### WHAT THE TASK ASKS
The reply should hold every line of the data below, unchanged, and none of the pictures.

### DATA SECTION
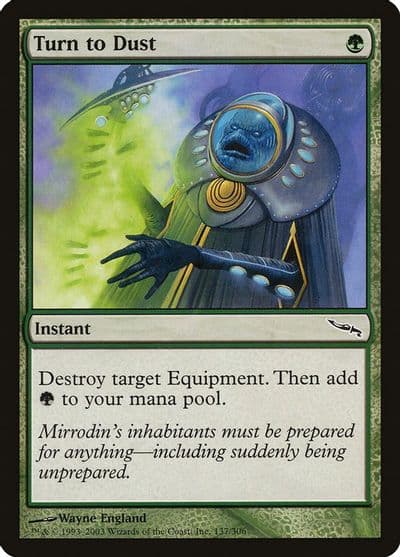 Turn to Dust Mirrodin Magic card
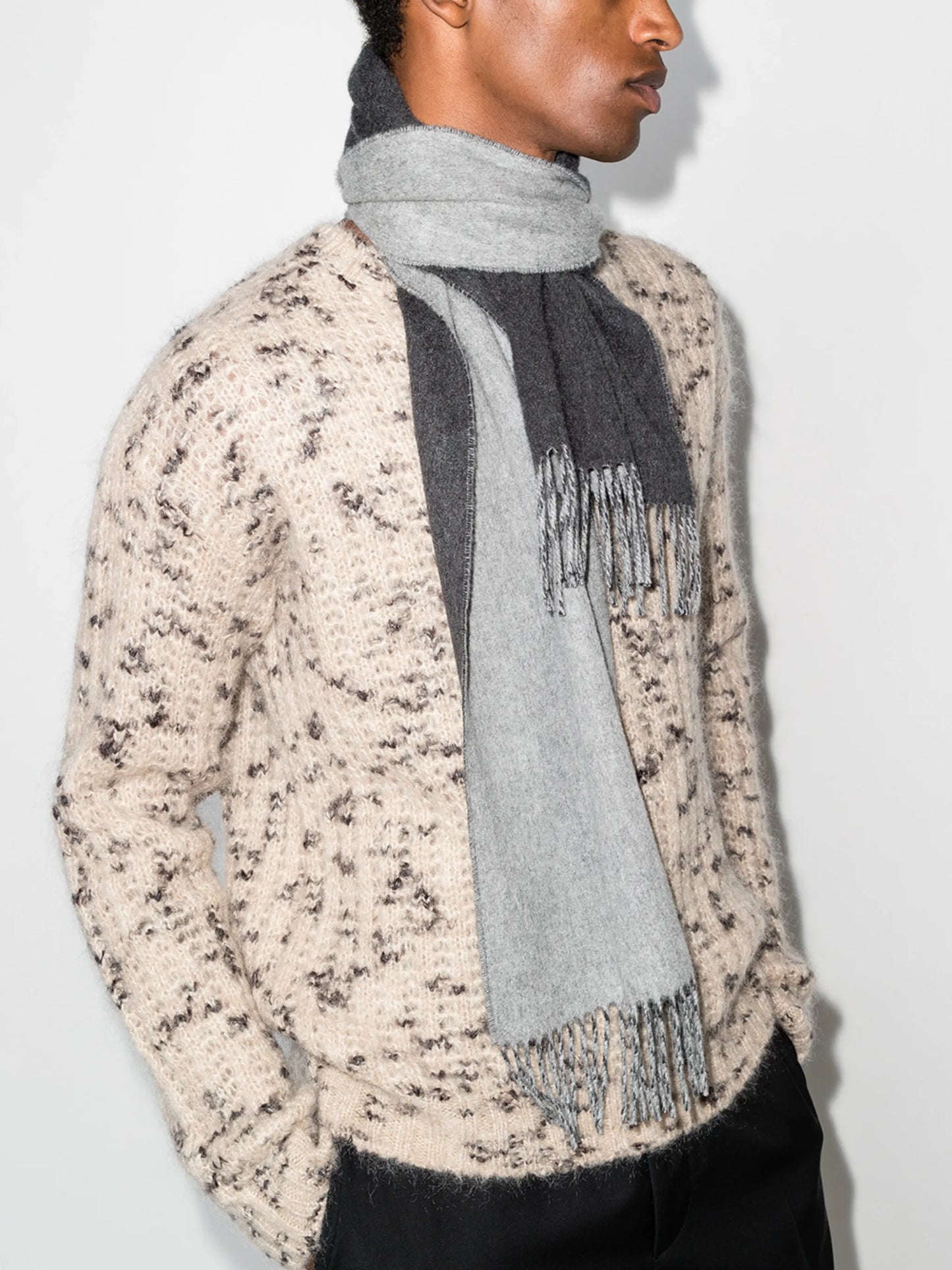 two-tone cashmere scarf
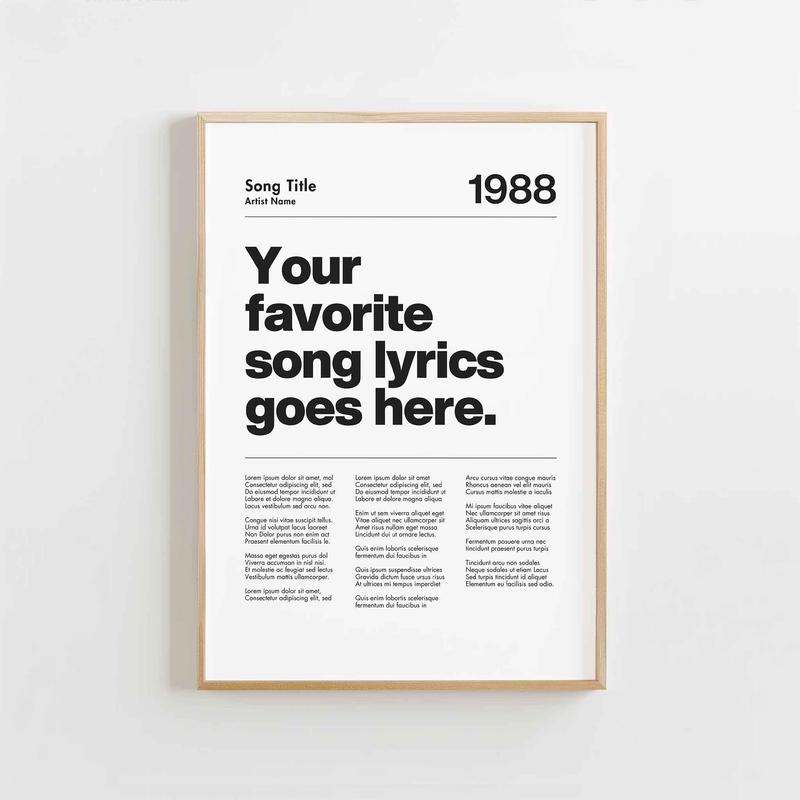 CUSTOM SONG WHITE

### ANSWER SPACE
 Turn to Dust Mirrodin Magic card
 two-tone cashmere scarf
 CUSTOM SONG WHITE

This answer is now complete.